4 key reasons why the UAW could strike this week
Time is running short to avoid a strike at America’s three unionized automakers, and the distance between the United Auto Workers union and the companies remains large, reports my colleague Chris Isidore.
The contracts with the three automakers all run out at 11:59 pm Thursday, and UAW President Shawn Fain insists the union stands ready to go on strike Friday at any company that has not reached a tentative deal by then.
He admits the union’s demands are “ambitious” but he insists they’re justified, given the automakers’ strong profits in recent years.
So what exactly is the UAW asking for?
Chris outlines four key demands.
Raises: The union demands an immediate 20% raise, and then four additional raises of 5% each. Taken together they would increase hourly pay by 46% over the four-year life of the contract.
The UAW said Friday that GM and Ford are each proposing 10% increases in the hourly wage rate over the next four years in their most recent offers, while Stellantis, which makes cars in the US market under the Jeep, Ram, Dodge and Chrysler brands, is offering 14.5% raises.
Pensions and inflation adjustments: The UAW wants a return of traditional pension payment plans and retiree health care for all UAW members. Workers hired before 2007 still have those benefits. Those hired since — a majority of hourly workers — do not.
The union also wants to see a return to cost-of-living adjustments (COLA) to protect members from inflation.

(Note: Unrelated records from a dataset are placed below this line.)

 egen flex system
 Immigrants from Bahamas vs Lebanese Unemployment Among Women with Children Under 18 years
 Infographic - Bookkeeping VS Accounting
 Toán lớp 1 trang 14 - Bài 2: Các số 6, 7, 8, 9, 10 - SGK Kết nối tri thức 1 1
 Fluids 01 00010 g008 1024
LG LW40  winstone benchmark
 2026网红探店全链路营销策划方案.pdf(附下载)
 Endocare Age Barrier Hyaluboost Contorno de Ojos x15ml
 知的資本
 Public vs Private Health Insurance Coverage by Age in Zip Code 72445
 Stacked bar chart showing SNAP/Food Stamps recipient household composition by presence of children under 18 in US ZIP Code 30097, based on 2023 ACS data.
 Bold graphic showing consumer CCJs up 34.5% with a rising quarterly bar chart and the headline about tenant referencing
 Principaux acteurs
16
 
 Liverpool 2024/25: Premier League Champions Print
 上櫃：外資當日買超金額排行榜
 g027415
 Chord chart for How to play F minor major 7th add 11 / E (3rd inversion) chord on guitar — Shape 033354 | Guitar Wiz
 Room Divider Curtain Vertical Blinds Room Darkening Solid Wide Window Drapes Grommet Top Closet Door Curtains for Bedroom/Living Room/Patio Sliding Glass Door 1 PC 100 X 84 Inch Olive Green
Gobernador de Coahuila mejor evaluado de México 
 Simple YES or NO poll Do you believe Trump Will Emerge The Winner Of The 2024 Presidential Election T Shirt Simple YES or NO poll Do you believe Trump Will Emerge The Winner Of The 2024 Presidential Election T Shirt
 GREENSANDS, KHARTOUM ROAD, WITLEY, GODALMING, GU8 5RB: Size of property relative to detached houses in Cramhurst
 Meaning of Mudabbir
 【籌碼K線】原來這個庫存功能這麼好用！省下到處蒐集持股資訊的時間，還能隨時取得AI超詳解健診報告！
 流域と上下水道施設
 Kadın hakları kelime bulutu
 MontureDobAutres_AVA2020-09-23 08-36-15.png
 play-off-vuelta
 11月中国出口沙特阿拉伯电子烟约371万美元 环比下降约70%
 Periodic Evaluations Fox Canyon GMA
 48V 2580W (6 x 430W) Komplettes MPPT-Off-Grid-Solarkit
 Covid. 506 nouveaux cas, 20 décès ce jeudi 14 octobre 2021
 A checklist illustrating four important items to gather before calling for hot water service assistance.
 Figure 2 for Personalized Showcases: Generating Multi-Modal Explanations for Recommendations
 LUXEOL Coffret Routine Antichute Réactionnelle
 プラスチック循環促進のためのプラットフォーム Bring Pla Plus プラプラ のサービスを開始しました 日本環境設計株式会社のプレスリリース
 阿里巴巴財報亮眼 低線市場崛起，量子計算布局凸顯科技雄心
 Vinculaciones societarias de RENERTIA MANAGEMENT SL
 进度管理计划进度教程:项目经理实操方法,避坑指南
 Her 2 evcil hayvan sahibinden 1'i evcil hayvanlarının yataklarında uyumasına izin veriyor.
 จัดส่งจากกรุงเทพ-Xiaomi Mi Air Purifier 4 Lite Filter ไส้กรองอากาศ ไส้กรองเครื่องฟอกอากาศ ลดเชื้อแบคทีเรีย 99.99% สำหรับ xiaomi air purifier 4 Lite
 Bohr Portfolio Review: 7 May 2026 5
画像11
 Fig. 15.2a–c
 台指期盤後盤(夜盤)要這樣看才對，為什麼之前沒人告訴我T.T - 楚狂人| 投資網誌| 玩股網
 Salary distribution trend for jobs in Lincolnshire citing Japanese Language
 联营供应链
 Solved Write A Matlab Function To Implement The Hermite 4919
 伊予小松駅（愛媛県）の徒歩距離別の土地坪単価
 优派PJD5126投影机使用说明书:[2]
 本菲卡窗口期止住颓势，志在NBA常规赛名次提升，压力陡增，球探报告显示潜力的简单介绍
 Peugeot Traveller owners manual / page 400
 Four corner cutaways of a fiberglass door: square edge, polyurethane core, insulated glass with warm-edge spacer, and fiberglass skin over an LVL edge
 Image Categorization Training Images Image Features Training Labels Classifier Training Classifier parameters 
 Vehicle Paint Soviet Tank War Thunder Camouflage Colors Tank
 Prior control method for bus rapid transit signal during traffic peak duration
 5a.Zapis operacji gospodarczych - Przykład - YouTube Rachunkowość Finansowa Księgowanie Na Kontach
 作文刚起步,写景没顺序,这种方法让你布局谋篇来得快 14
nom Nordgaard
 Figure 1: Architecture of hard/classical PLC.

Job protections and benefits: The union demands limits on the use of temporary workers and forced overtime. The union also wants more time off for workers, including a four-day workweek. And the UAW is fighting to gain certain job protections for workers, including the right to strike over plant closings.
A “just” transition to EVs: Union leaders say they’re not opposed to EVs but that it must be a “just transition.” As members lose their jobs building gasoline engines and transmissions, they should be able to shift to jobs building EV batteries and other parts, the union demands. Those jobs should pay the same scale that UAW-represented jobs at auto plants pay.
Instacart’s valuation plunges
Instacart’s latest valuation is tens of billions of dollars below what the company was once worth just a year ago, reports my colleague Jordan Valinsky.
The grocery delivery company revealed in an updated IPO filing that it’s aiming to price its stock between $26 and $28 per share, valuing Instacart at around $7.4 billion at the midpoint. Taking into account restricted stock, options and warrants, the company would be valued as high as $9.3 billion.